### ABOUT THIS EXERCISE
Please tally the lines below that contain the word "coffee" and reply with the total alone.

━━━━━━

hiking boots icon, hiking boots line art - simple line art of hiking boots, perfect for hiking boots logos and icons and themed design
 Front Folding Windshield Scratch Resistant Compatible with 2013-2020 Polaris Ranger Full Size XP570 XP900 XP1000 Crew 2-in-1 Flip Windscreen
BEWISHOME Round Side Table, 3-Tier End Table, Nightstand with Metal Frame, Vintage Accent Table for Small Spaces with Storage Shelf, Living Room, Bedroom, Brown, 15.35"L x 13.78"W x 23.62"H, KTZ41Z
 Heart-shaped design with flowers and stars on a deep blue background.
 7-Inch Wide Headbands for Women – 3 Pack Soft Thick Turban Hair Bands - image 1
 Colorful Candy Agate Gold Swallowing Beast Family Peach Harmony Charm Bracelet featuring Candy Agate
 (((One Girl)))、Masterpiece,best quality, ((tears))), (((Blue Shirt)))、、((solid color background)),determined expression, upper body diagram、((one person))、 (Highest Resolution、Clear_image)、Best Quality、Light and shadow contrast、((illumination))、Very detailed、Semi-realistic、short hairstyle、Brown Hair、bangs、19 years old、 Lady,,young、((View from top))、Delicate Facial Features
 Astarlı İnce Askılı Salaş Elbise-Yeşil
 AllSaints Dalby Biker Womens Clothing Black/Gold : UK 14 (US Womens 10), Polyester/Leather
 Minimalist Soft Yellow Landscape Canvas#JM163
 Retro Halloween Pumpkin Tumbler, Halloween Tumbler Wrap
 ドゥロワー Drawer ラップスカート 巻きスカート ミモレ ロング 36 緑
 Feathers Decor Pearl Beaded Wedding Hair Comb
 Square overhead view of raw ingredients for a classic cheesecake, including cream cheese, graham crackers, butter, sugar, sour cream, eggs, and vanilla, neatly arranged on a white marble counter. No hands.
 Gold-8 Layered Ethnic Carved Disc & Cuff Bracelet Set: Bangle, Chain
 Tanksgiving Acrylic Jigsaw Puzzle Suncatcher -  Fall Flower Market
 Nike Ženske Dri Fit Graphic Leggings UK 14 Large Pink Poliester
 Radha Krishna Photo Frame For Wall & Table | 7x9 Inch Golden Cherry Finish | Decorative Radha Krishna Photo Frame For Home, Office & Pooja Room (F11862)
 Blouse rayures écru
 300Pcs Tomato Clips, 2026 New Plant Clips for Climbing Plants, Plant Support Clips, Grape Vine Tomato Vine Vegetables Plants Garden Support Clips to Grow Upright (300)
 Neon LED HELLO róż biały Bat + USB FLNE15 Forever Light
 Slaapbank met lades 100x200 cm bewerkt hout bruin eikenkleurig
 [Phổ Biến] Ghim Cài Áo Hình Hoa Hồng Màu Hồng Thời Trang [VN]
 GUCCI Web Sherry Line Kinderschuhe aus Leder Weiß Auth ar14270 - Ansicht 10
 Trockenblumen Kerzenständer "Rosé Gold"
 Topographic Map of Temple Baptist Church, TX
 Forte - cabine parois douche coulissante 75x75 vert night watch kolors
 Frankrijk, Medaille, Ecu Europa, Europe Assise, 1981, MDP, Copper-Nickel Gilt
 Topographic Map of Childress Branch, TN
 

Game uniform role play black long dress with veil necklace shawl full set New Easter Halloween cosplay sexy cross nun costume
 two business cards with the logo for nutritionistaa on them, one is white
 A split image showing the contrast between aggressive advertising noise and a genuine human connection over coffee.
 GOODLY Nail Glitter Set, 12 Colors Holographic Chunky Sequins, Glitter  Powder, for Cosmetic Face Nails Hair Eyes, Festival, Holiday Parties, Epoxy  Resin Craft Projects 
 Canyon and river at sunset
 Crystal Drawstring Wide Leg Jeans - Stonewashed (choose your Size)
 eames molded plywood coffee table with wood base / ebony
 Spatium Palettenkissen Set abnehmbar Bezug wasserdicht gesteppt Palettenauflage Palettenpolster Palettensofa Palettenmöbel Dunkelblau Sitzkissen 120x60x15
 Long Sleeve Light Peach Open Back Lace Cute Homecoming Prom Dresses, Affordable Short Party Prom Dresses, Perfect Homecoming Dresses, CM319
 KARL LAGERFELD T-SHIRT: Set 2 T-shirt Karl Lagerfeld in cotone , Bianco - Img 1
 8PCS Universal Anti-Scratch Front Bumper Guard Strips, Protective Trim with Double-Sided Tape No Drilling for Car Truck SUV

━━━━━━

### ANSWER TO THIS EXERCISE
2